(Pictures with short captions)
───

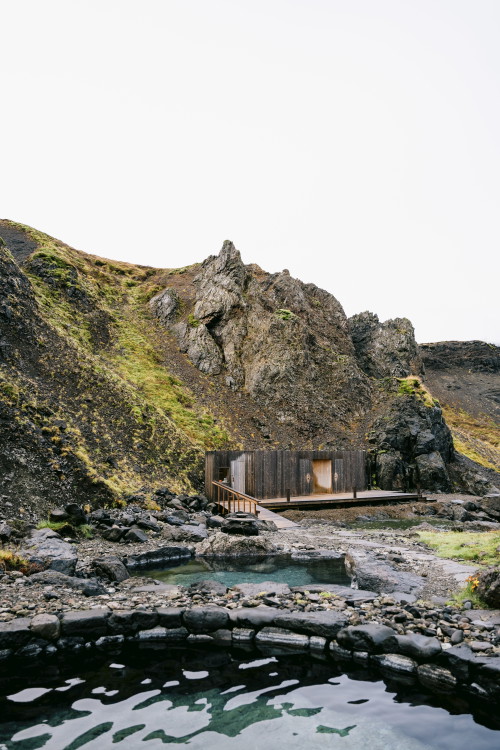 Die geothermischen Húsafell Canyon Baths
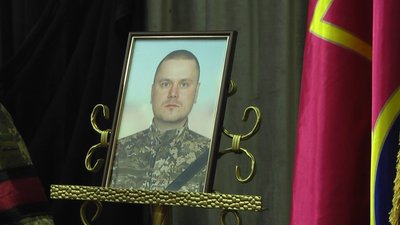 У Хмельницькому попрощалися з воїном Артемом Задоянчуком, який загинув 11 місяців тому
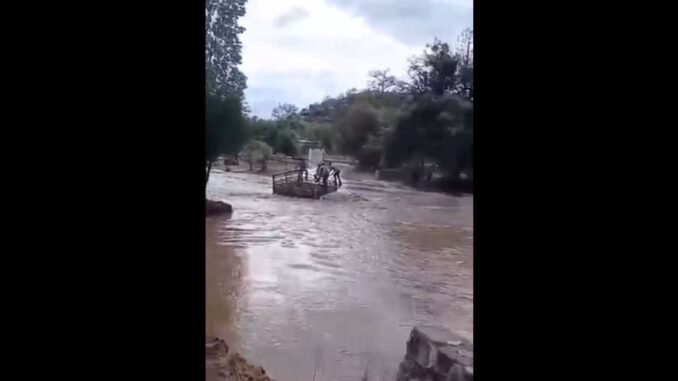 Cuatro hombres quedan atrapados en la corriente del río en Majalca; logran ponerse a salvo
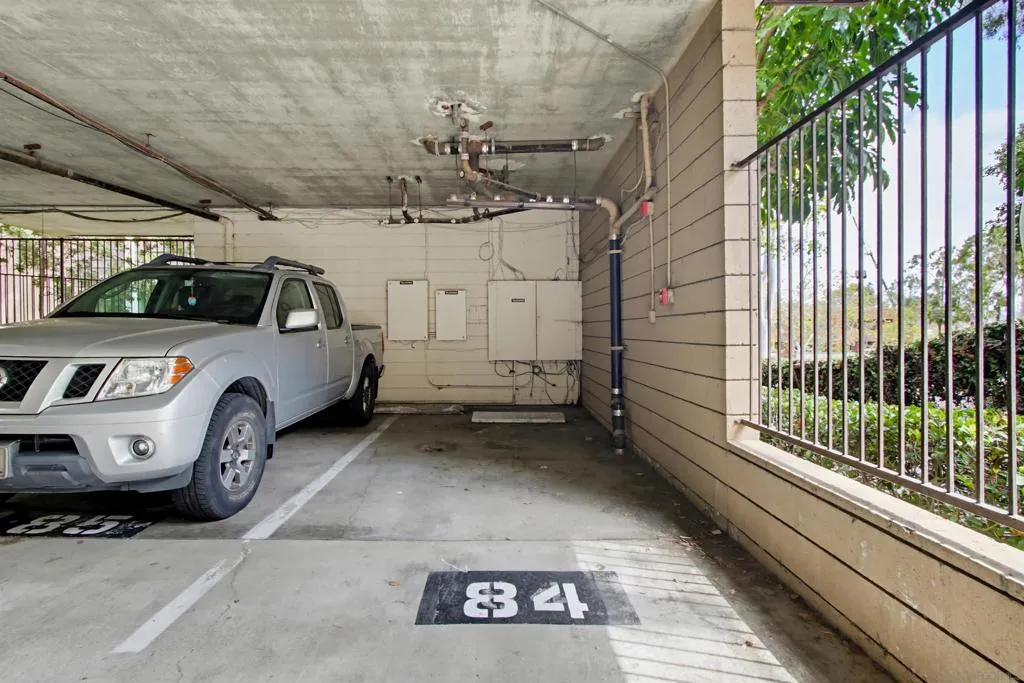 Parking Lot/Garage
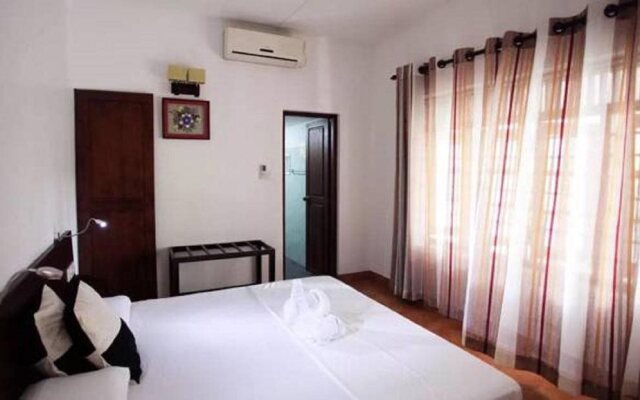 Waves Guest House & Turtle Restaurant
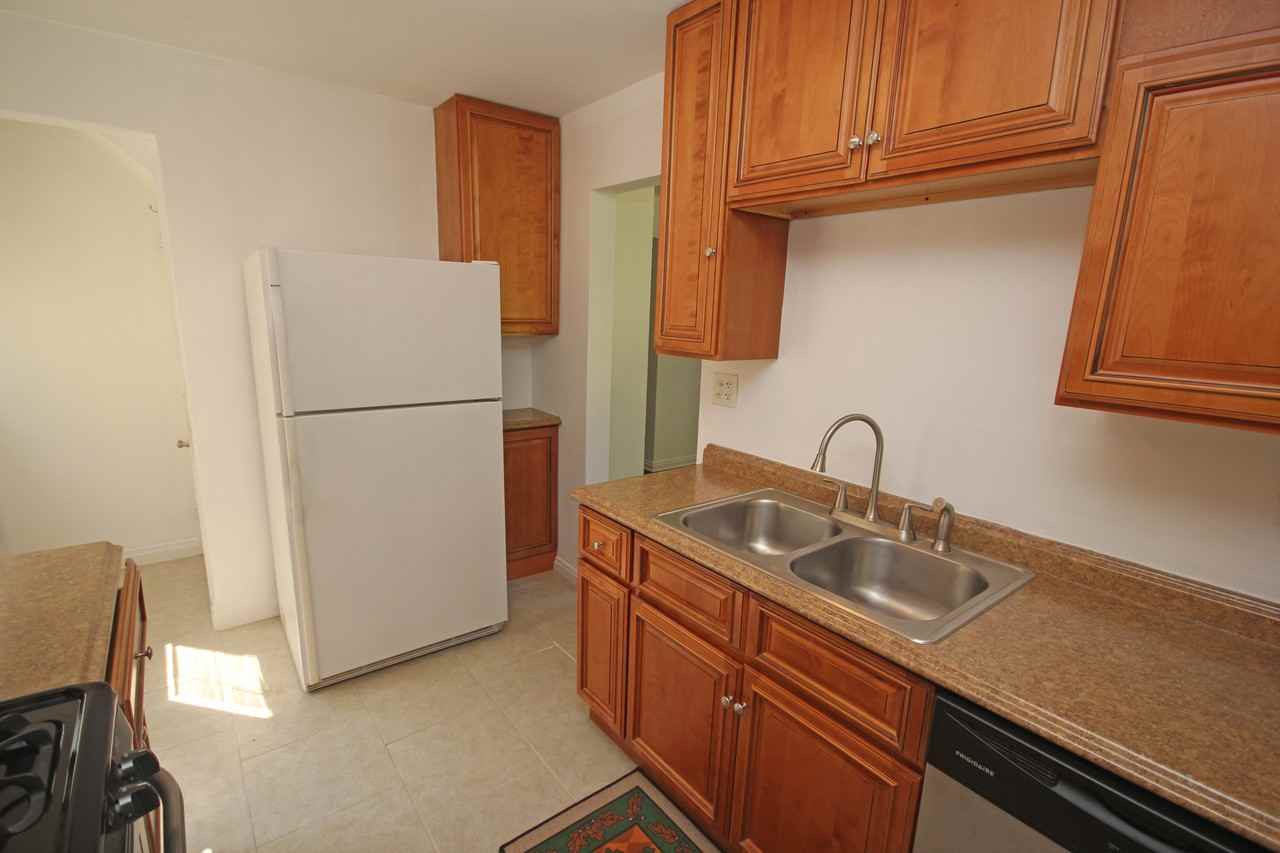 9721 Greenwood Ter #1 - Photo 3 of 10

───

Beginning at the line that holds "У Хмельницькому попрощалися" and ending with the last line of the entries, please set down each line exactly, leaving every picture out.

 У Хмельницькому попрощалися з воїном Артемом Задоянчуком, який загинув 11 місяців тому
 Cuatro hombres quedan atrapados en la corriente del río en Majalca; logran ponerse a salvo
 Parking Lot/Garage
 Waves Guest House & Turtle Restaurant
 9721 Greenwood Ter #1 - Photo 3 of 10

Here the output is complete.